No pudo ser gente en el albero. Pero lo fue en la calle, en las colas de la Maestranza, en los hoteles de los aficionados, como hombros de hombres que triunfaron y él los sacaba por la Puerta del Príncipe como si fueran pretorianos victoriosos de una paso de Castillo Lastrucci. No tenía un duro. Pero era el capitalista más grande que vieron las plazas, desde la Maestranza a Nimes. Desde Las Ventas a Pamplona.
En esas jornadas felices, donde el torero brillaba más que las luces de su traje, Abelardo podía hacer una caja poderosa de entre cincuenta y sesenta mil pesetas de las de antes de la ruina actual. Un buen día le dio la vuelta al ruedo a un rejoneador con talla de cabo gastador y peso para cuatro parihuelas. Fue tan rápida la vuelta al ruedo que el triunfador le dijo que no le había dado tiempo a enterarse. Abelardo le dijo: la próxima vez, te quitas las espuelas, que llevo los costados cosidos…

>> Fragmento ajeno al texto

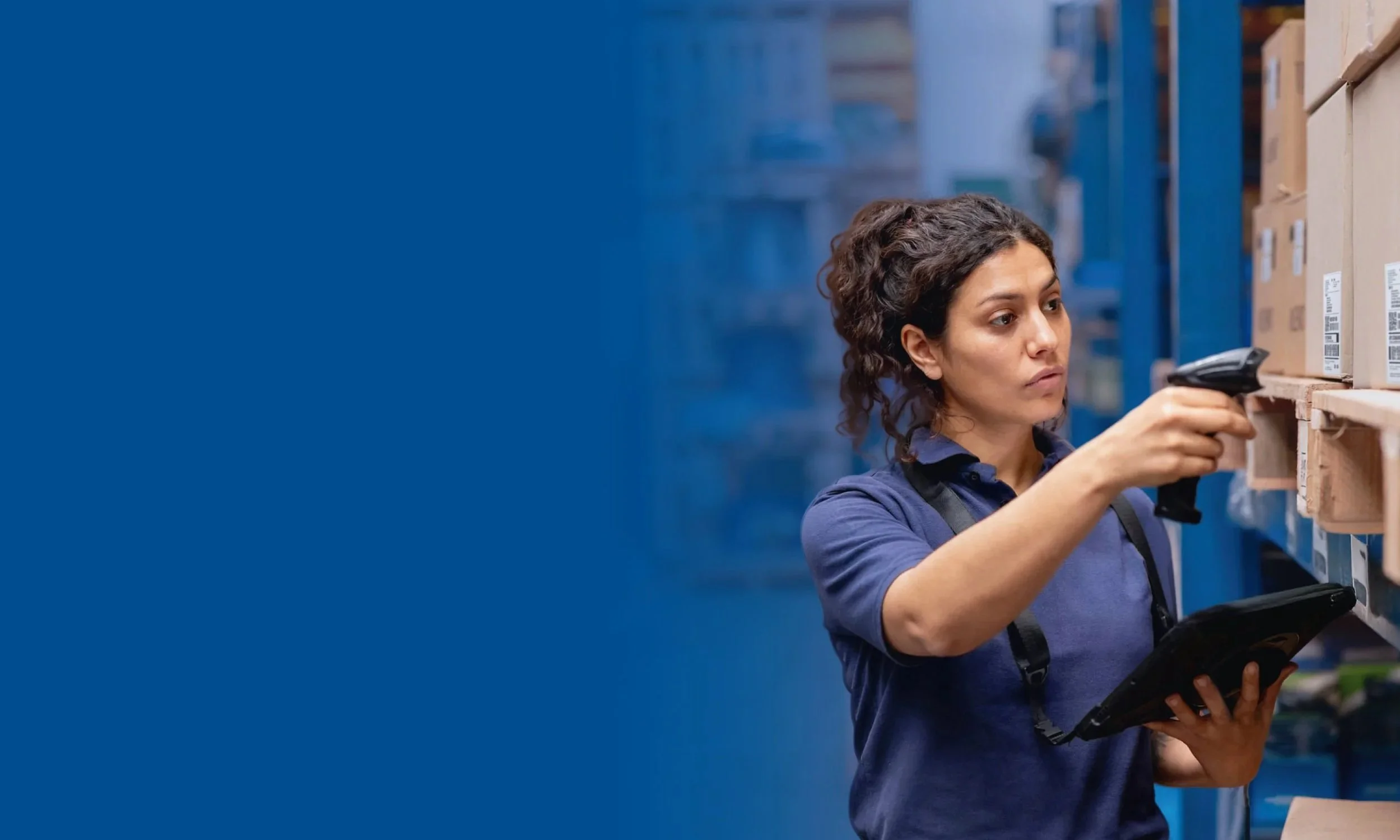 A woman with curly hair wearing a blue shirt and a black apron in a warehouse, scanning a barcode on a cardboard box with a handheld scanner.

Era el rey de ese submundo taurino repleto de personajes que el siglo de oro español se encargó de pintarlos como pajes de corte y milagros o como pícaros de ciegos a los que se la daban con queso. Estaba en posesión de unas formas nada silenciosas. Era como los huracanes si veía la ganancia de su jornal.
A Diodoro Canorea y a Pepe Bermejo, estando ambos en la taquilla maestrante de la calle Circo, lugar de buscavidas y oportunidades del mundo del toro, les montó el show de la casa. Diodoro sacó la entrada y la cogió en su mano como si fuera a jugar al pañuelito. ¿Lo recuerdan? Y Abelardo salió al sprint para llevársela y perderse en los tendidos dándole vivas a Canorea como se los podía dar a Manili.
Allí también trabajaba. Animando a los toreros que le daban calor porque la intemperie siempre fue muy fría. Tan fría como la cárcel. Antonio Burgos le pintó un retrato triunfal para su Recuadro, donde pilló a Abelardo dando ojaneta de la Barqueta con un móvil de plástico, haciéndose el broker de la Sierra Norte y gritando: «compra, compra, compra…»
Un periodista del Alentejo, tras ver su vida reflejada en un programa del Loco de la Colina, se lo llevó hasta Portugal, para rodar una película sobre su vida. No era Luis Procuna rodando «Torero». Pero le dio lo suficiente para comprarse la «amotillo» campera con la que hoy espulga los caminos serranos para buscar orégano, faisanes, venados o hacer la campaña del corcho para seguir recibiendo a portagayola a los toros de la necesidad.
En un afamado pub que había en la calle Canalejas, el Tac-Tac, sin remilgos ni sobriedades, bajo los efectos sin dudas del galope cabezón de White Horse con cola, cogió a hombros a Eduardo Canorea. Y lo paseó por dentro del local. Voltereta máxima. De testigo estaban el banderillero Javier García y el hijo de Pepe Bermejo, Eduardo Bermejo.
Abelardo se creció y quiso sacar a la calle a su patrón. Con tan mala suerte que le pegó con el dintel de la puerta y media historia empresarial del toreo sevillano se vino aparatosamente abajo. No intervinieron las autoridades. Ni falta que hacía porque Abelardo tenía un DNI falso donde se podía leer: «Si quieres saber de mí, pregúntale a la Guardia Civil…» Hoy suele parar mucho por Malajacha, en Constantina, donde quiso alguna vez ser torero y se metió bajo la cama.